Parte Única
—Debo darle un regalo a Levi.
Dijo Hanji para sí misma despertando encima de su cama.
Ella bostezo y estiró los brazos aún aturdida por despertar de golpe para luego decidir volver a dormirse. Sin embargo ella murmuraba dormida.
Su cuerpo reposaba sobre el suave colchón mientras su mente trabajaba sin descanso ya que este año tenía un objetivo el cual era declararse a su mejor amigo en su cumpleaños. Y para eso está vez quería darle algo realmente especial puesto que ya era se acercaba el 25 de diciembre y por supuesto que la entusiasta Hanji Zoe tenía que dar su mejor esfuerzo si quería que su malhumorado amigo estuviera con ella.
Luego de una gran batalla interna al dormir la castaña por fin decidió que le obsequiaría al azabache.
—¡Ya se que darle a Levi!—afirmó alegre levantándose de la cama.
—¡Hanji cállate aún estoy descansando!—grito uno de sus compañeros de casa Erwin.
—Disculpa—dijo volviéndose a acostar dispuesta a descansar placenteramente —. Bueno pue’ me voy a mimir otra vez. Voy a levantarme muy temprano a las seis
—se propuso a sí misma.
Al ser las dos de la madrugada debía dormir lo suficiente para dar su mejor esfuerzo.
En el amanecer Hanji…. Aún seguía dormida, se le durmió el gallo.
—Levi—susurró dormida—. Yo igual te amo…
El sueño de la chica era perfecto “su mejor amigo le daba un beso”.
Ella babeaba y babeaba sin sesar.
—Hanji… Hanji… —escucho una voz hablar.
—Ah—la castaña despertó—. ¿Ya es el fin del mundo?
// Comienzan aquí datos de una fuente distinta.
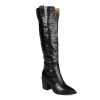 Wholesale Journee Collection Therese Extra Wide Calf Boot Black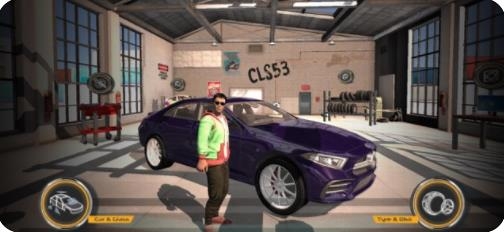 AMG Car Simulator(AMG汽车模拟器)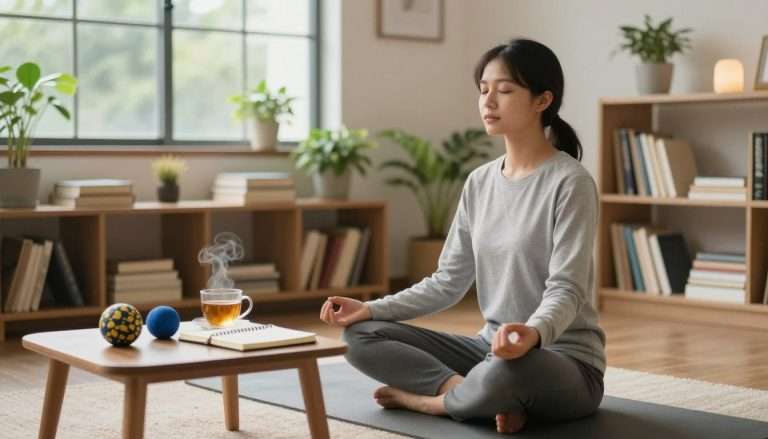 Beat Exam Anxiety: 5 Calming Strategies Before Test Day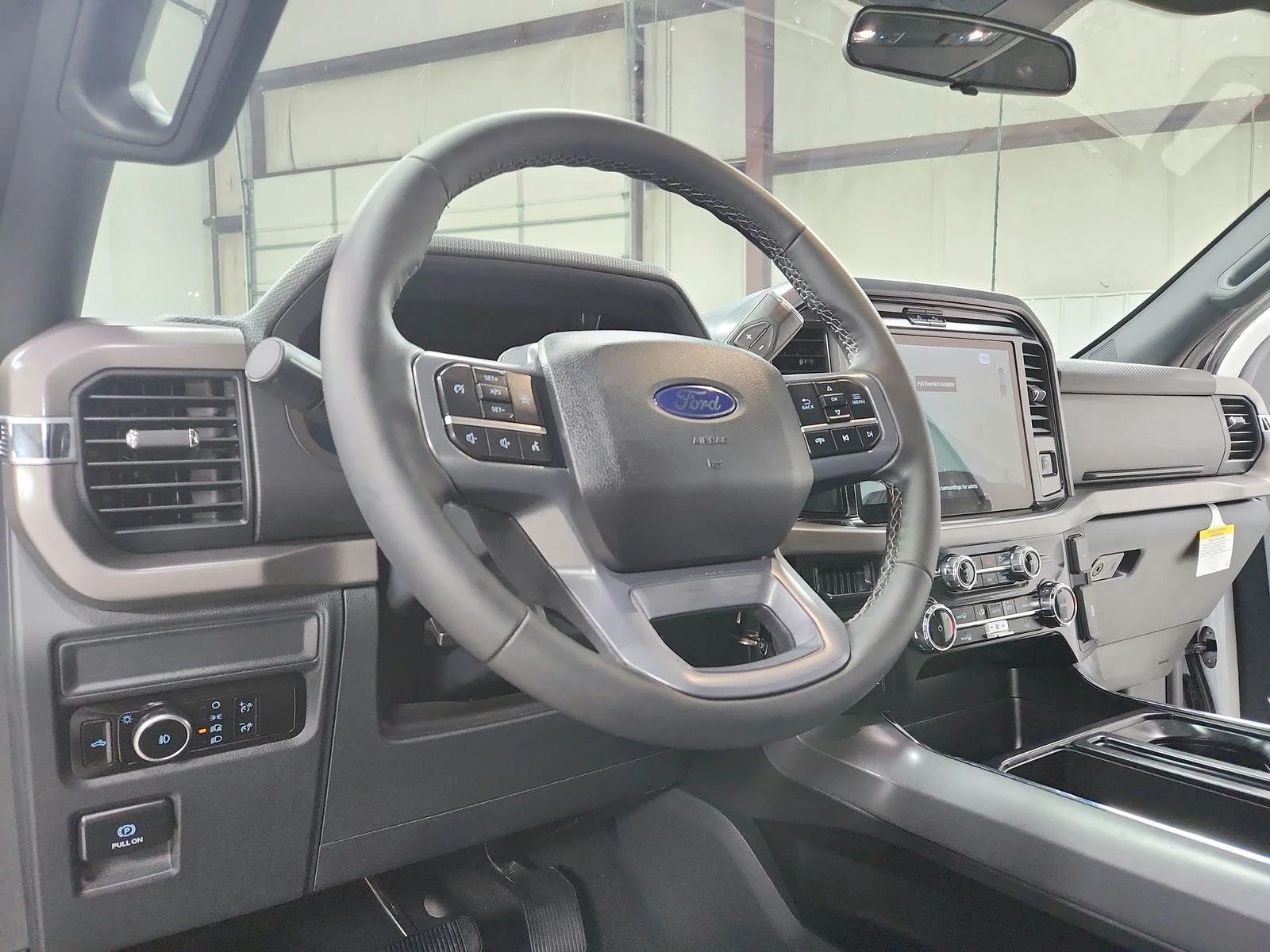 New 2026 White Ford XLT image 19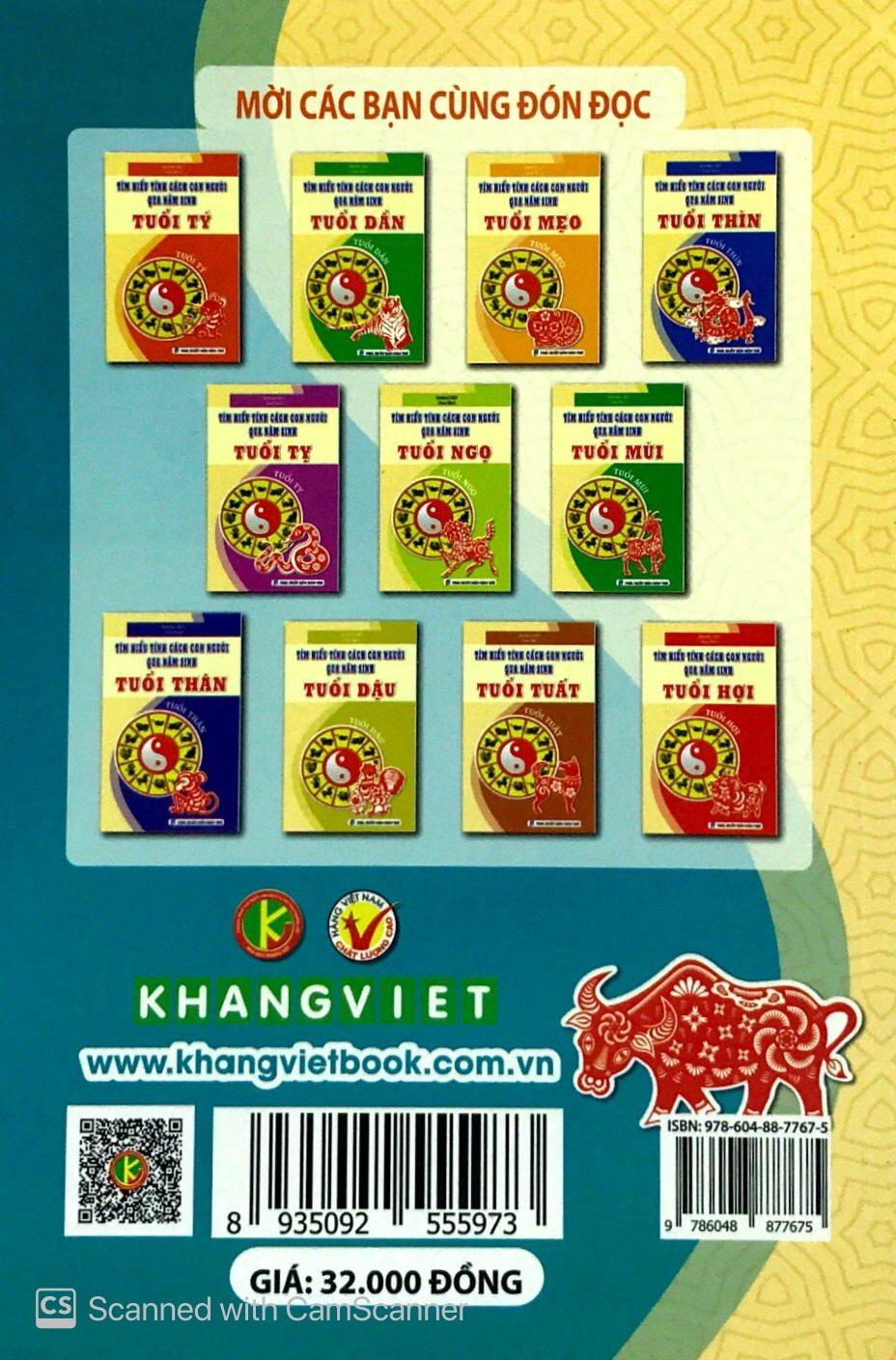 Tìm Hiểu Tính Cách Con Người Qua Năm Sinh Tuổi Sửu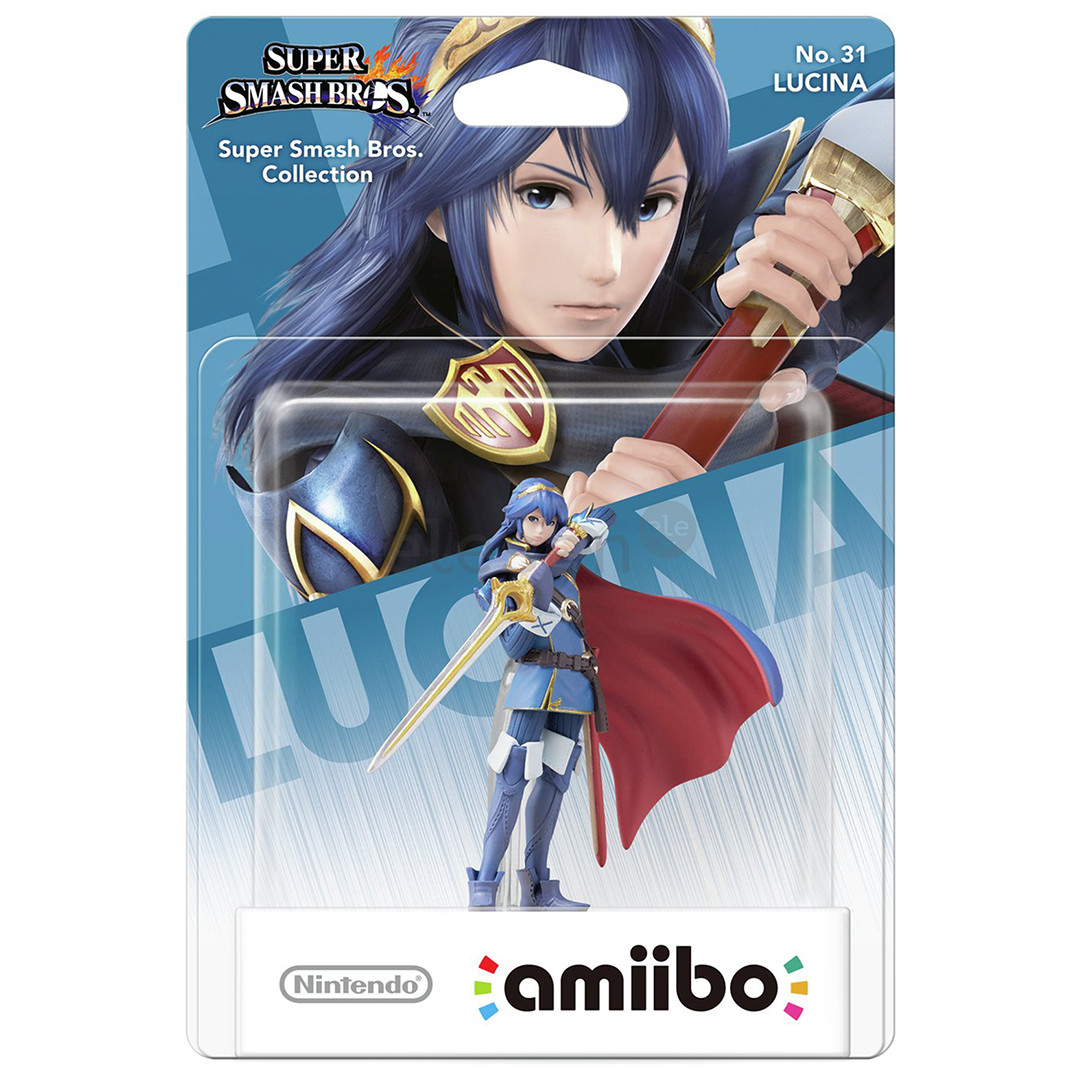 Amiibo Nintendo Lucina (Super Smash Bros.) Товар - 045496352851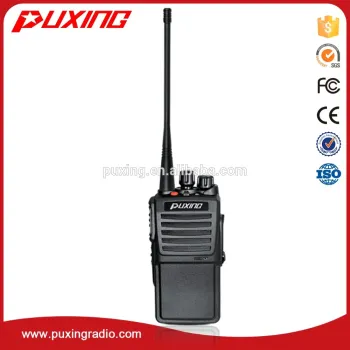 PX-680D 5W 6.25mhz channel space dPMR radio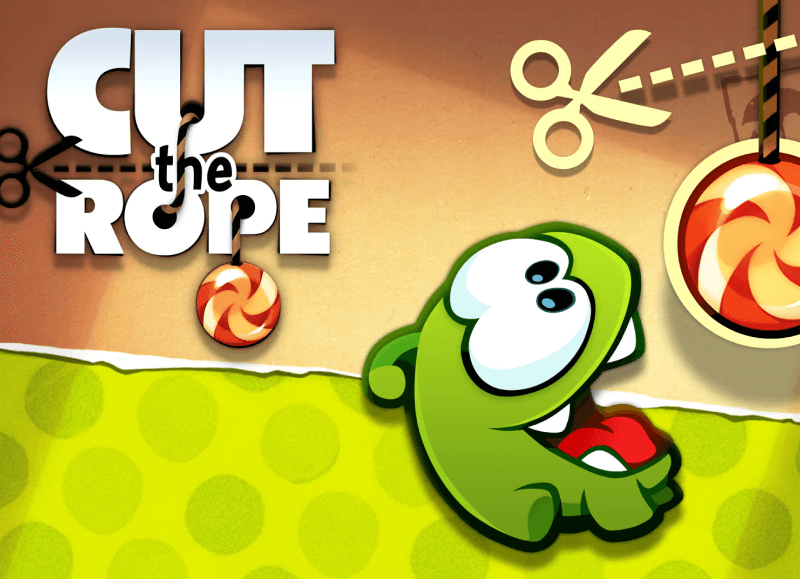 Cut the Rope Hero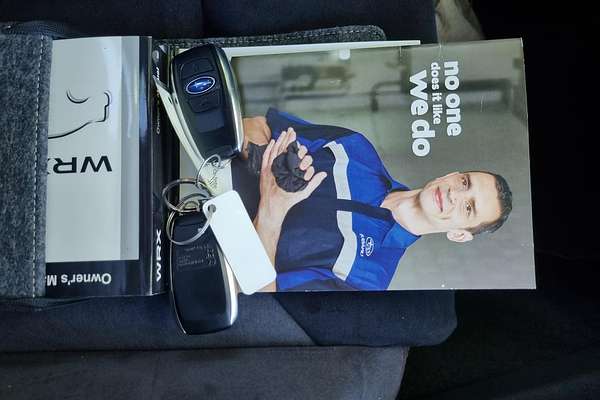 2023 Subaru WRX tS VB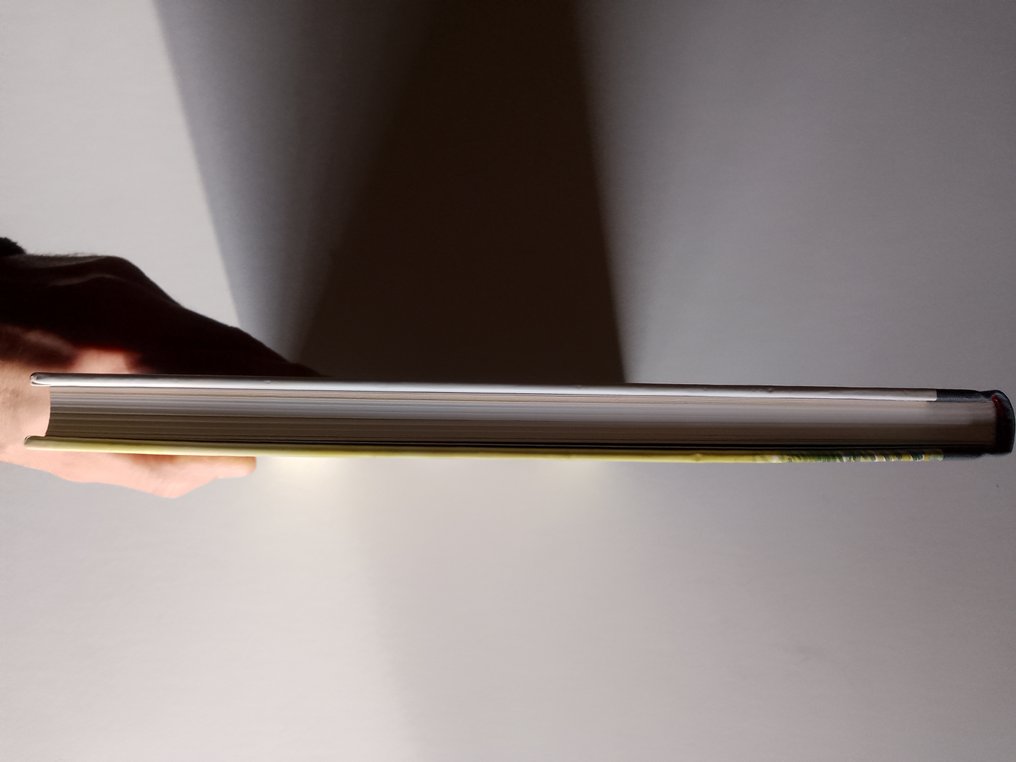 Comanche - Water en vuur - luxe HC met linnen rug - 1 Album - 2022 #4.3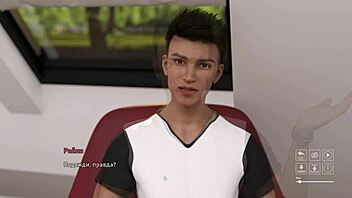 Emotional Gameplay in Steps of Debauchery 4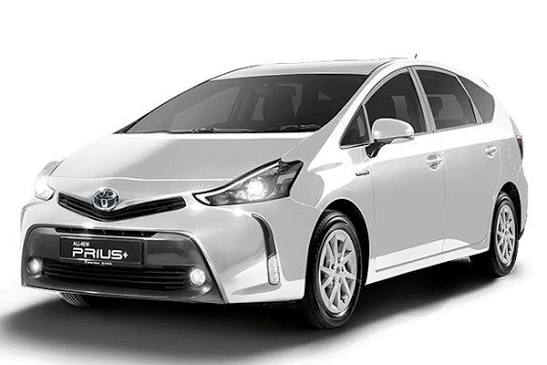 Toyota Prius Hybrid
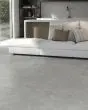 Charlotte Gray Satin Porcelain Tile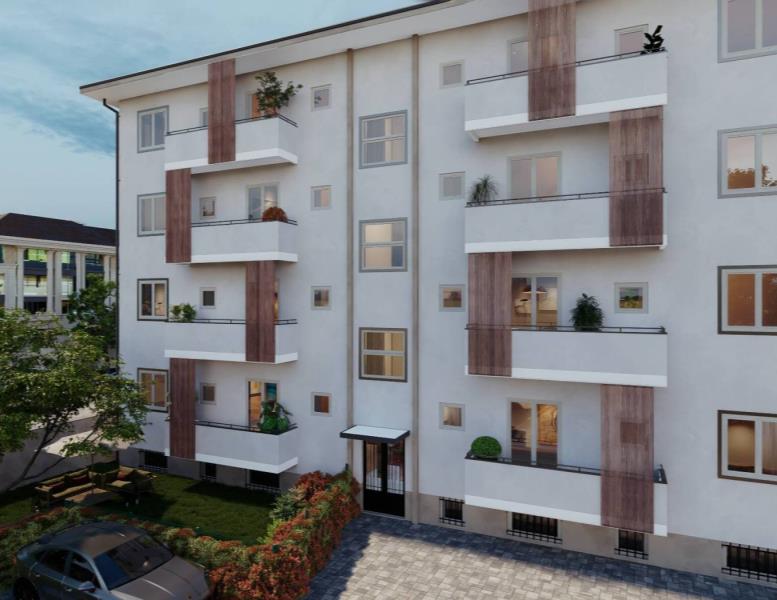 appartamento in vendita a Monza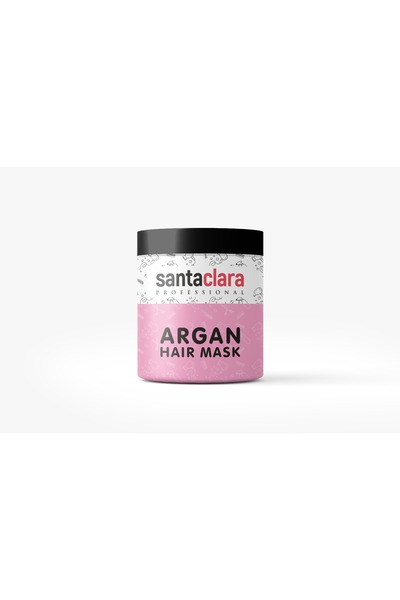 Santa Clara SANTACLARA 1000ML ARGAN MASKE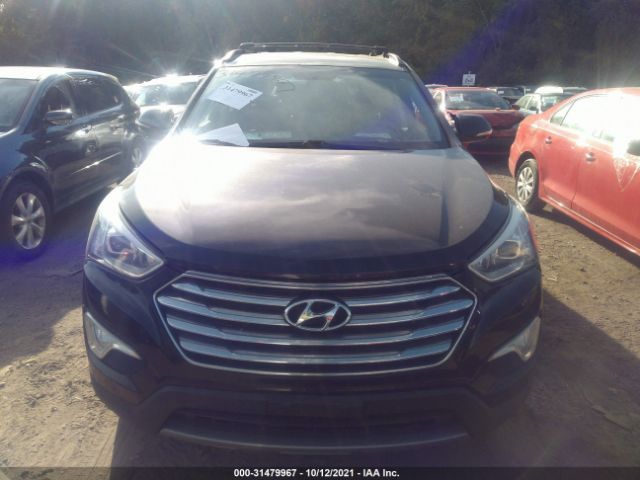 Photo 5 VIN: KM8SN4HF5EU058787 - HYUNDAI SANTA FE 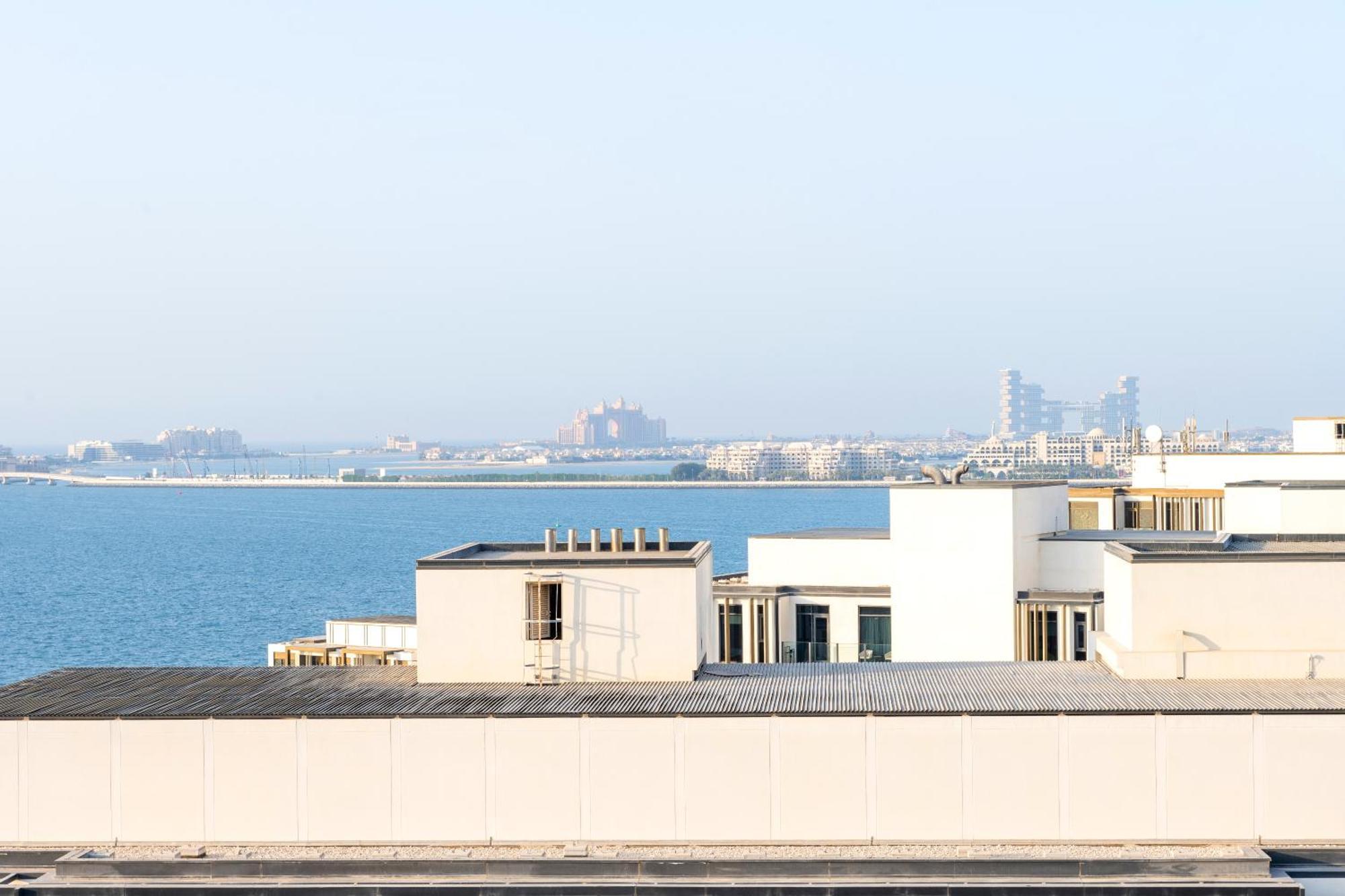 Premium 2+ 1 Bedroom Condo In The Heart Of Bluewaters Island Dubai Bagian luar foto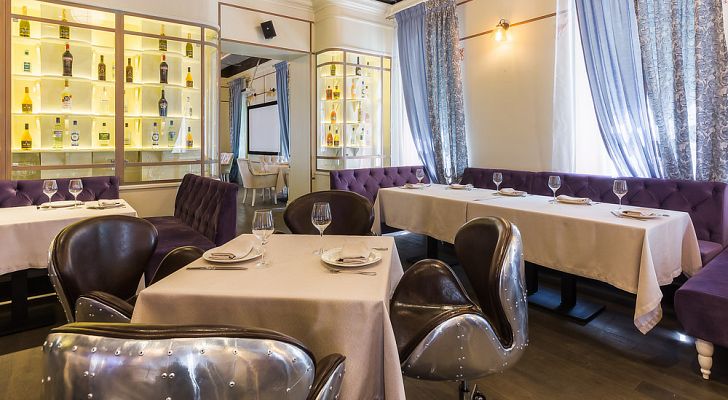 Restaurant Arbatskiy Bazar - photo №27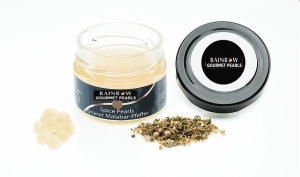 Gourmet Pearls Zielony pieprz Malabar perly 200 gramw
—Ya levántate, Levi esta de visita—ella pudo ver que fue su amigo Erwin
—Ah…. —ella suspiró y en menos de diez minutos Hanji ya estaba arreglada y de sorpresa había limpiado su recámara como era debido.
—Es mentira—el rubio soltó pequeñas carcajadas—. Ya son las once de la mañana y quedaste en salir con Nanaba a las once y media.
—Maldición se me olvidó—contestó ella nerviosa—. Bueno me voy gracias por qué tengo cosas importantes que hacer.
Ella sacó su alcancía en forma de cerdito y lo lanzó contra el piso.
—¡Maldición!—exclamó Hanji con un rostro chibi al ver que su alcancía solo guardaba “100 pesos”.
Y con un rostro de preocupación pensó:
«¡Se me había olvidado! Todo el dinero me lo gasté para comprar la serie de Chainsaw Man y Jujutsu Kaisen y comprar la figurita edición limitada de Yato, esto no me alcanzará para comprar lo que quería»
—¡Nanaba!—ella corrió muy rápido hacia la salida de su casa.
Con la respiración agitada se topó con la rubia la cual llevaba una bolsa.
—¿Qué te pasa Hanji?—preguntó su amiga.
Y la de anteojos se limitó a poner ojos de botón.
—Amiga mía no tengo dinero—expresó Hanji llorando—. Ni dada que darle, lo único que tengo es amor y estos cien pesos que darle—sacó de su suéter diez monedas de a diez
—Cálmate Hanji—Nanaba posó sus manos en los hombros de la castaña—. Parece que estas cantando una canción de Juan Gabriel. Acompáñame al centro comercial necesito ir a recoger mi pedido.
—Chi.
Las dos amigas caminaban por la calle platicando al mismo tiempo que admiraban la belleza de su alrededor, para ambas e incluso para muchos era un día maravilloso puesto que eran tiempos de sembrinas era bastante común escuchar villancicos por todos lados, ver muestras de afecto, muchos adornos y sobre todo el frío se hacía notar bastante.
—Amiga entonces no sabes qué regalarle a tu husbando—dijo Nanaba viéndola con ternura.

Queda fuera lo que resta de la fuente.